Exact transcription of the data below is required, without the images.

§ **Data section**:

* * * * * * *

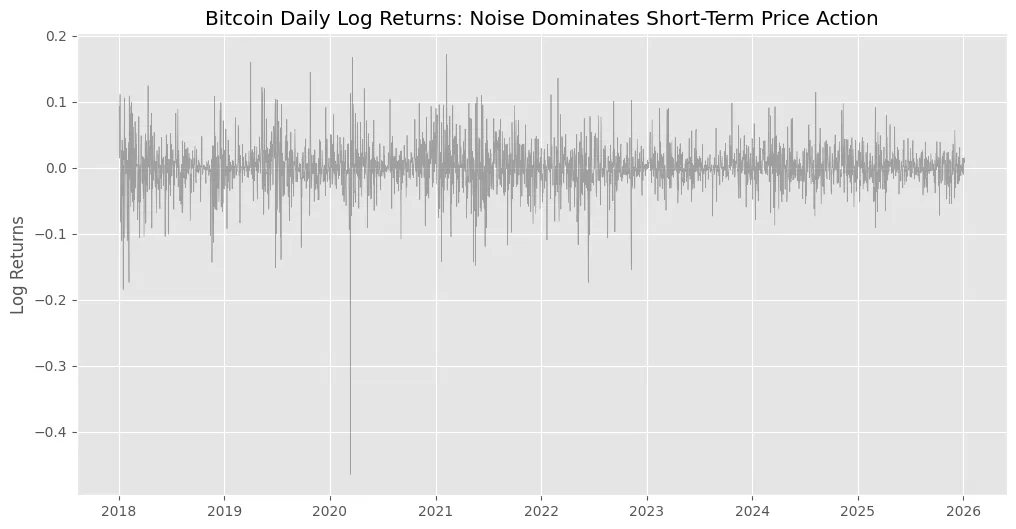 Signals over stories: Why quant thinking is quietly reshaping crypto markets Signals over stories: Why quant thinking is quietly reshaping crypto markets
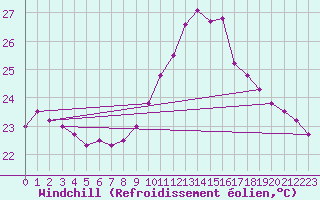 Courbe du refroidissement olien pour Carcassonne (11)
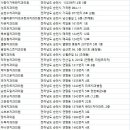 해룡면 상삼리 부영10차아파트~청솔1차아파트사이 | 순천치과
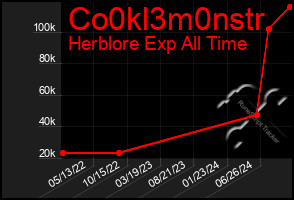 Total Graph of Co0kl3m0nstr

* * * * * * *

§ **Output for this task**:
 Signals over stories: Why quant thinking is quietly reshaping crypto markets Signals over stories: Why quant thinking is quietly reshaping crypto markets
 Courbe du refroidissement olien pour Carcassonne (11)
 해룡면 상삼리 부영10차아파트~청솔1차아파트사이 | 순천치과
 Total Graph of Co0kl3m0nstr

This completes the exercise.